Decoding the language of neurons

Given adult brains have about 100 billion neurons, it is very difficult to home in on the ones responsible for a certain action. To get closer to neurons, scientists have developed brain-computer interfaces that need to be inserted into the brain, to sit alongside neurons and ‘listen’ in on their activity.

Researchers have been able to isolate and listen to about 200 individual neurons at a time, similar to eavesdropping on 200 conversations, rather than hearing an indistinct crowd murmur. 

Neuroscientists and engineers are working to increase this to 1000, even 10,000 neurons. The more neurons we can listen to, the more communication we can decode.

Another goal is to make electrodes more tolerable to the brain. Long-term implantation causes the brain to scar where electrodes are located, which makes the results less effective.

The complex language of neurons

Our 100 billion or so neurons communicate in a very complex language that scientists have not yet been able to translate. By understanding this language, called the neural code, we will be able to better communicate with neurons and build better brain-computer interfaces. 

Computational neuroscientists like QBI’s Professor Geoff Goodhill are starting to crack this code, using the tiny zebrafish as a model.

These 4mm-long transparent fish larvae are ideal subjects because scientists can see the simultaneous electrical activity of neurons – up to the 100,000 in the entire fish’s brain!

Professor Goodhill is studying how brain activity patterns in the zebrafish represent stimuli in their environment, and how these patterns change as the fish develops.

Zebrafish
Active neurons visible in the transparent zebrafish.

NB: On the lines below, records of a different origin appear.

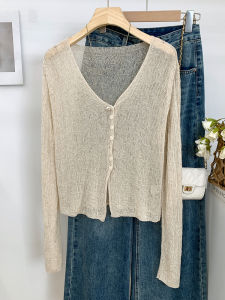 เสื้อคาร์ดิแกนถักแบบเปิดไหล่บางเฉียบสำหรับผู้หญิงในฤดูใบไม้ผลิ 2025 แขนยาว คอวี ป้องกันแสงแดด ทรงสลิมฟิต ผ้าโพลีเอสเตอร์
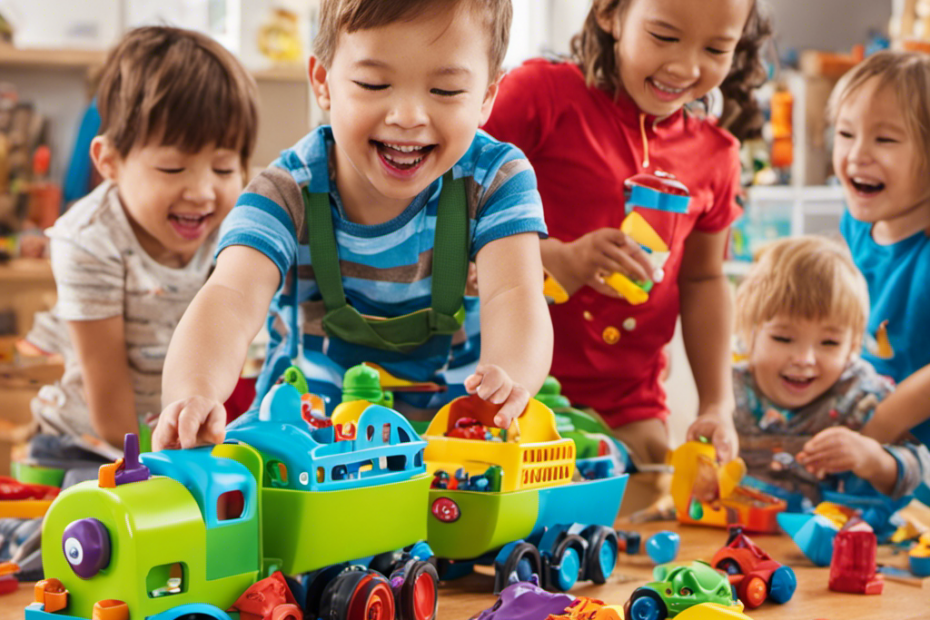 An image showcasing a group of joyful preschoolers with autism engaging in imaginative play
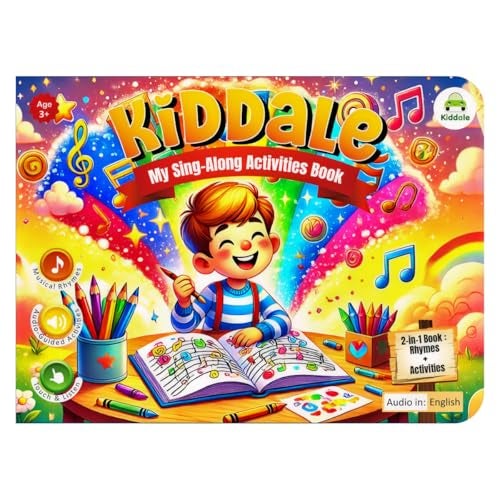 Kiddale 2 in 1 Sing-Along Rhymes & Brain Boosting Activities Book| Enjoy Rhymes & 28 Sounds with Activities| Best Gift for 3+ Kids - Image 1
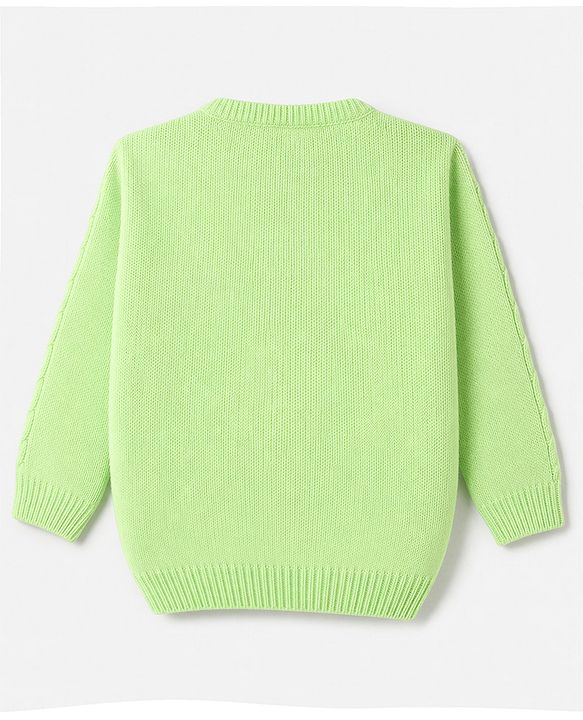 Babyhug Knit Full Sleeves Sweater Set With Cable Knit Design - Green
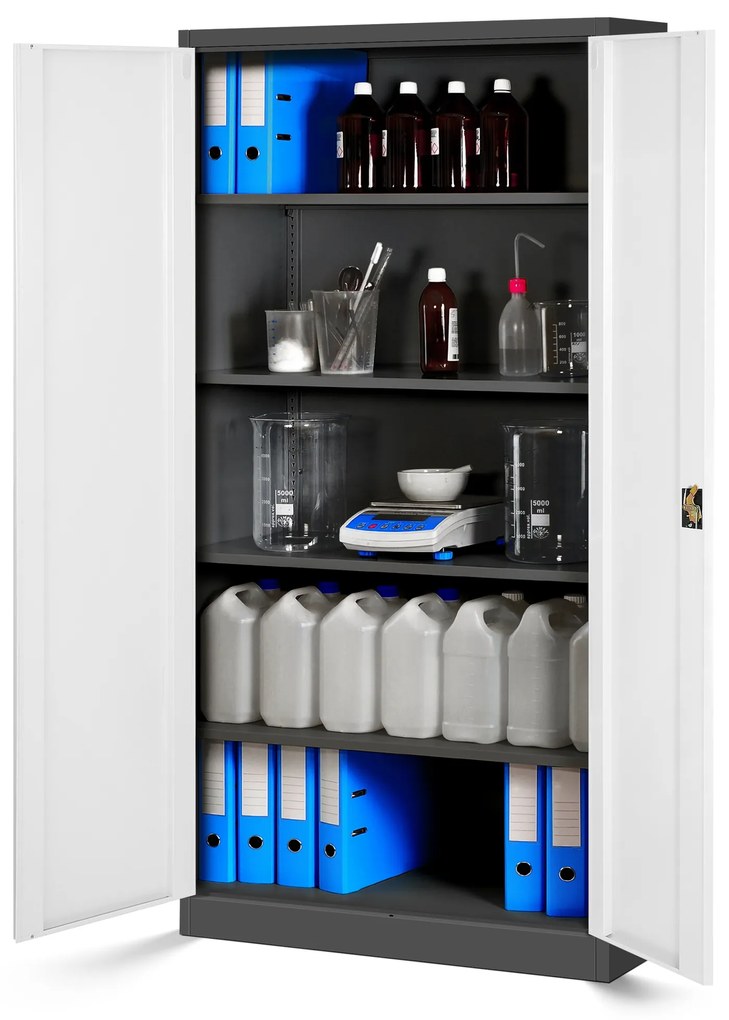 Zestaw 4x biurowa szafa metalowa na akta JAN, 900 x 1850 x 400 mm, antracytowo-biała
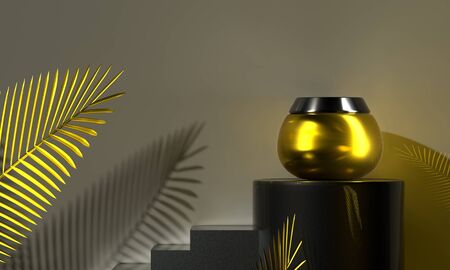 Gold cream jar. Facial sunscreen care for women's health. Palm golden leaves decor. Bottle for body moisturizer. Cosmetics Sale Gift 3d render illustration. Eco-friendly natural organic productの写真素材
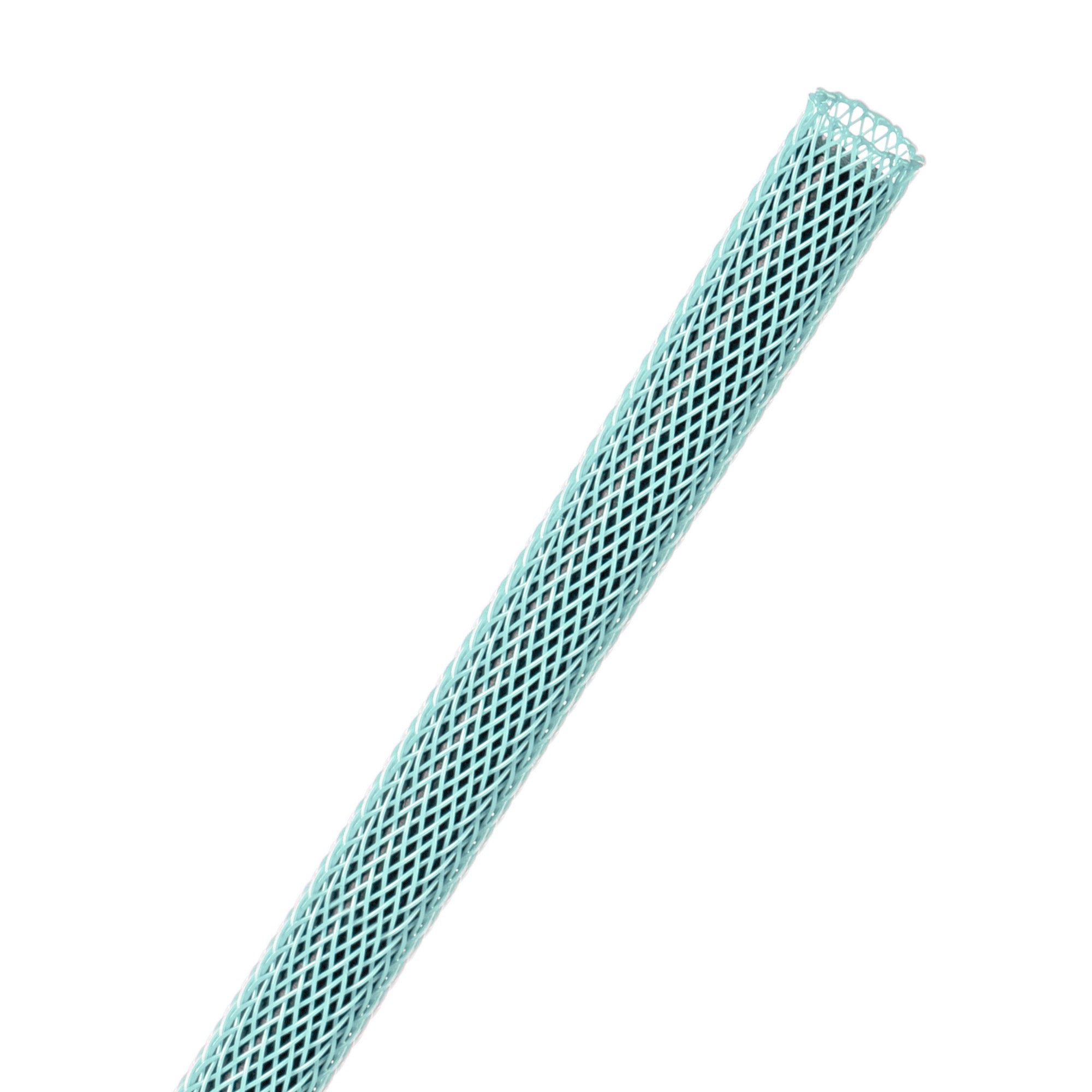 Techflex Flexo PET Expandable Braided Sleeving (1/4" Aqua Blue, 1000' Spool)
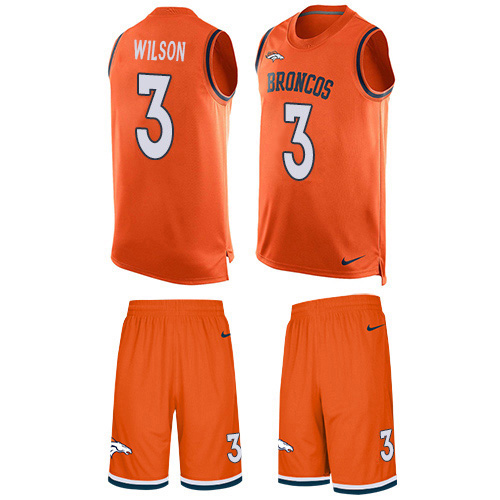 Nike Broncos #3 Russell Wilson Orange Team Color Men's Stitched NFL Limited Tank Top Suit Jersey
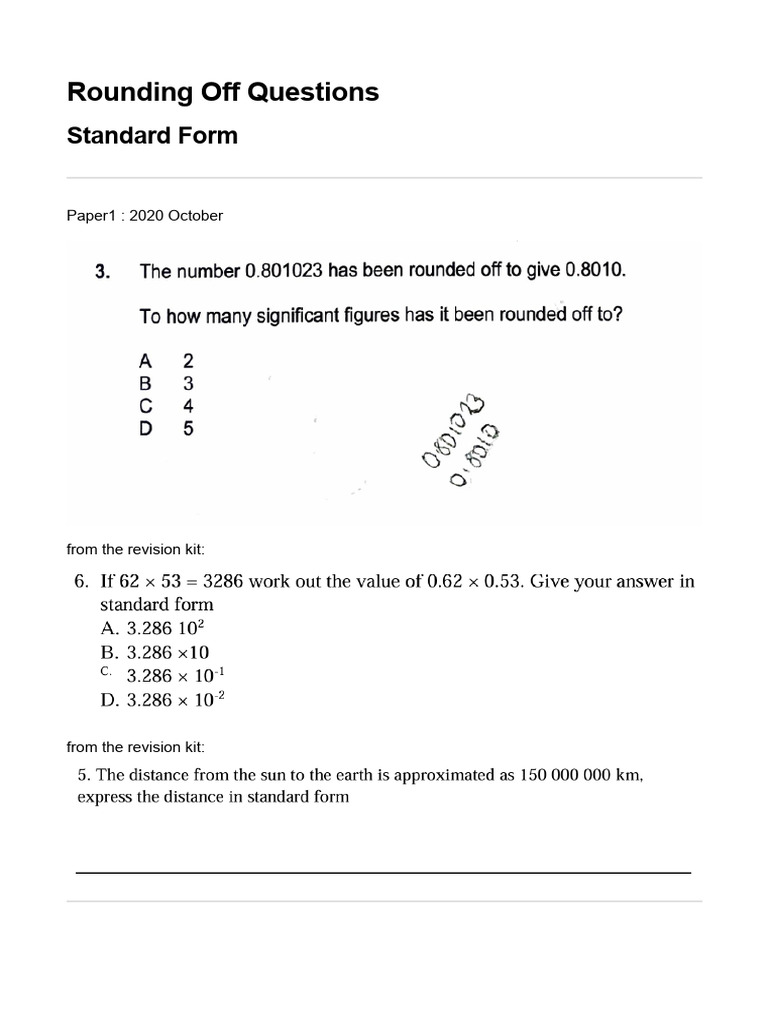 Rounding Off Questions in Standard Form | PDF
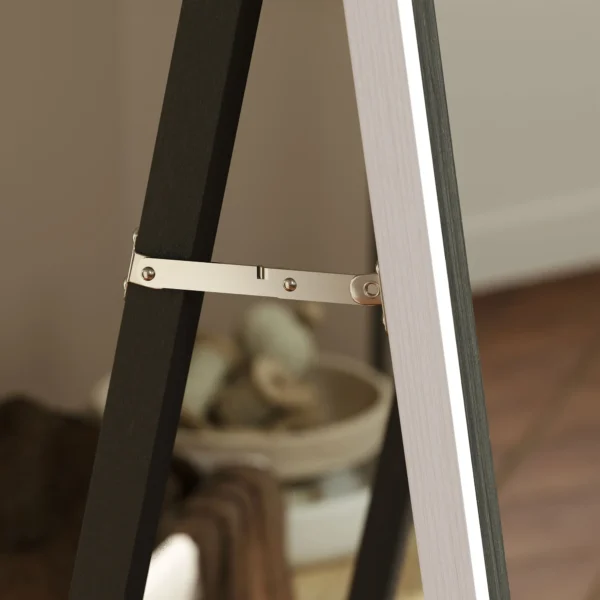 Volledige lichaamsspiegel, 162,6 x 53,5 cm staande spiegel met standaard, wandspiegel voor woonkamer, slaapkamer, kleedkamer grijs+wit 9
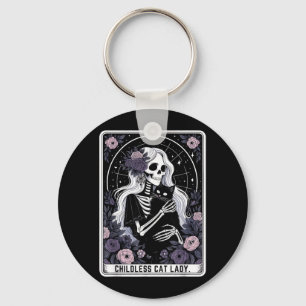 Kinderlose Katzenlady Süße Gothic-Skelett-Tarotkar Schlüsselanhänger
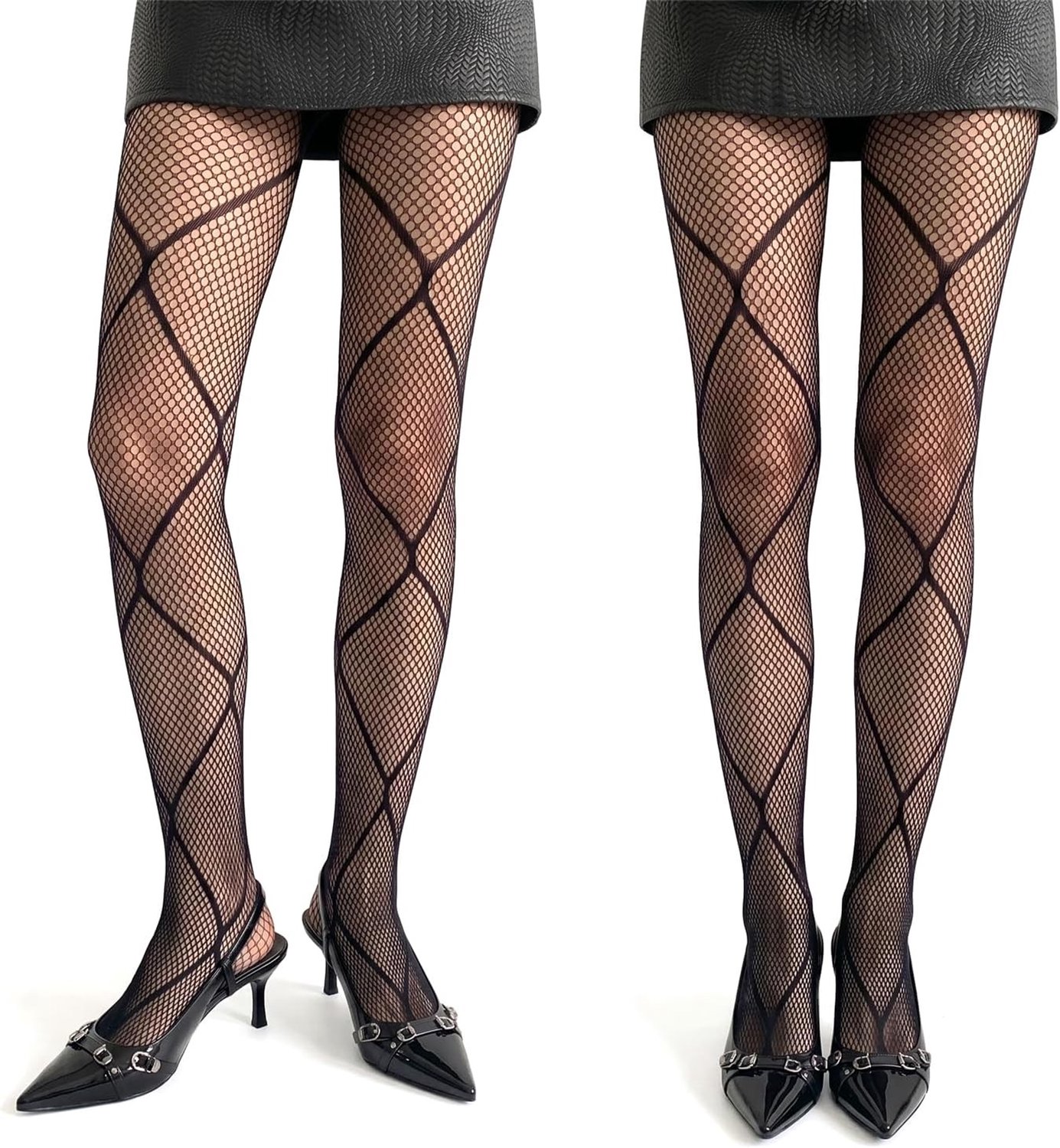 Lace Fishnet Kousen met Bloemenpatroon - 2 Paar Zwarte Damespanty's voor Fashion en Comfort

Credit: Goodhill/QBI

His team recently discovered that the sensory environment of the fish is very important for its brain activity to develop correctly.

For example, fish reared in the dark had different brain activity patterns to those in normal light, and were worse at catching prey when the lights were back on.

Researchers believe the basic principles of neural coding—how information is stored and transmitted by brain activity patterns—apply across all animals.